* TASK OBJECTIVE *
In the listing below, find the line containing "Les grands proces de l'histoire / V° serie" and the line containing "Lacoste Daniil Medvedev", then copy exactly everything from the first through the second, except the pictures.

* EXERCISE INPUT *
BEGIN

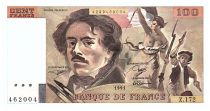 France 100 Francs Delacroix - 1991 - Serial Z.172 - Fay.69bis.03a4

END
BEGIN

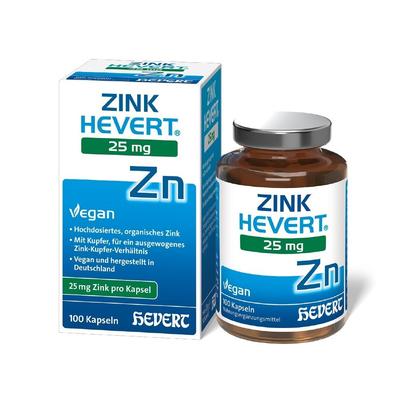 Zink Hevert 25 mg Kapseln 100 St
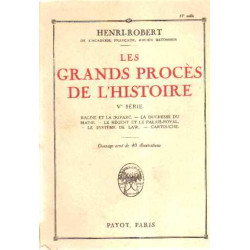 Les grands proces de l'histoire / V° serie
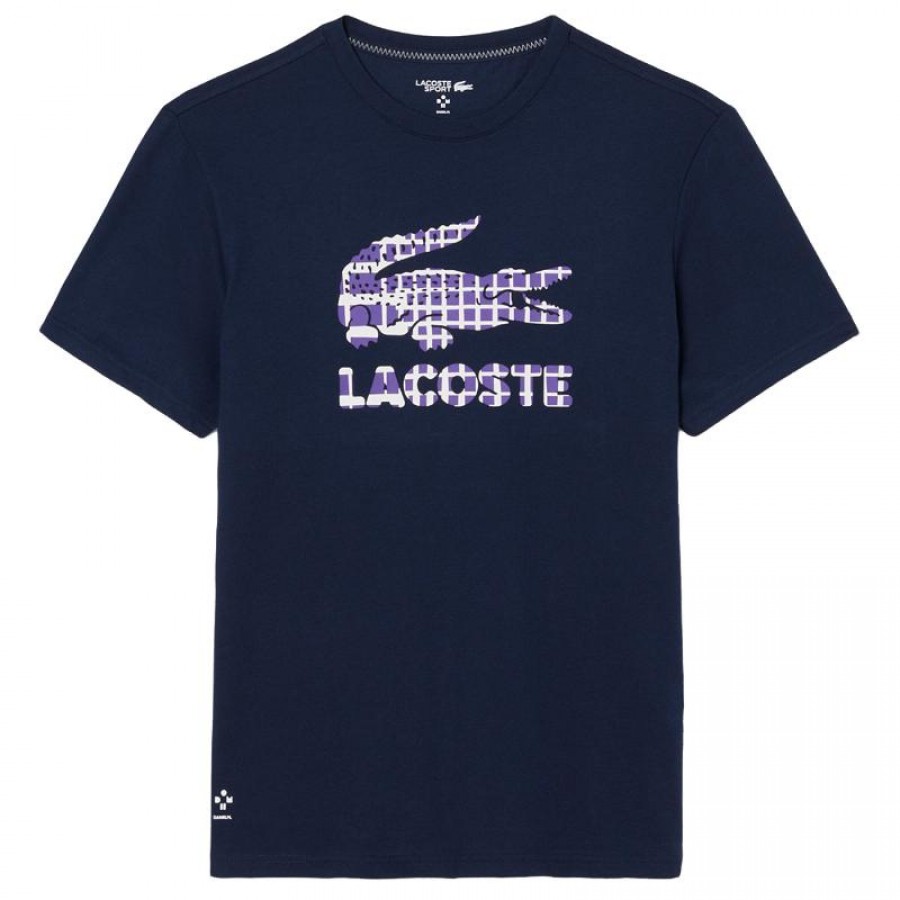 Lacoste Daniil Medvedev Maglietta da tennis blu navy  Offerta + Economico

END
BEGIN

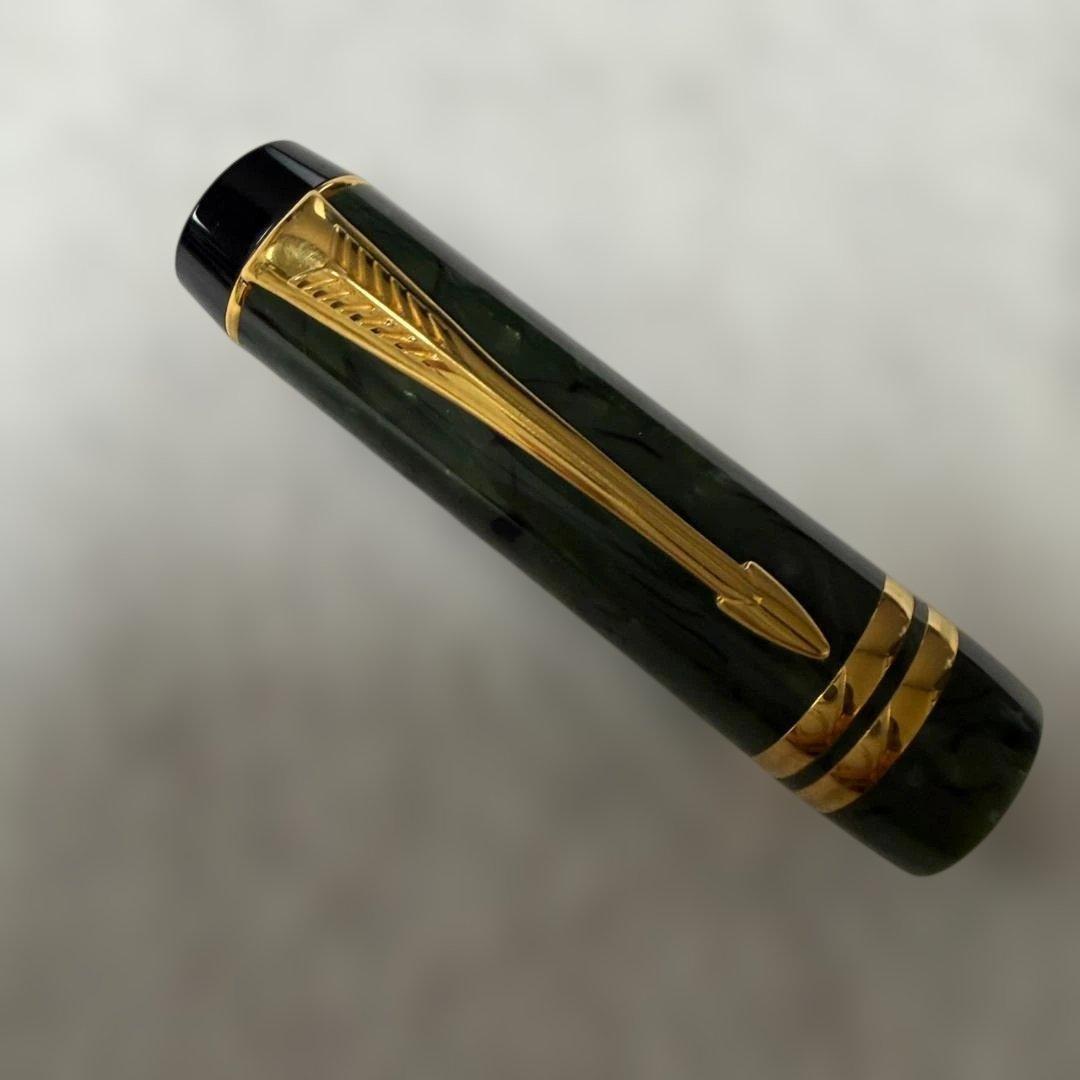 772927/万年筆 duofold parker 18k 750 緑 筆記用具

END

* RESPONSE TO THE TASK *
 Les grands proces de l'histoire / V° serie
 Lacoste Daniil Medvedev Maglietta da tennis blu navy  Offerta + Economico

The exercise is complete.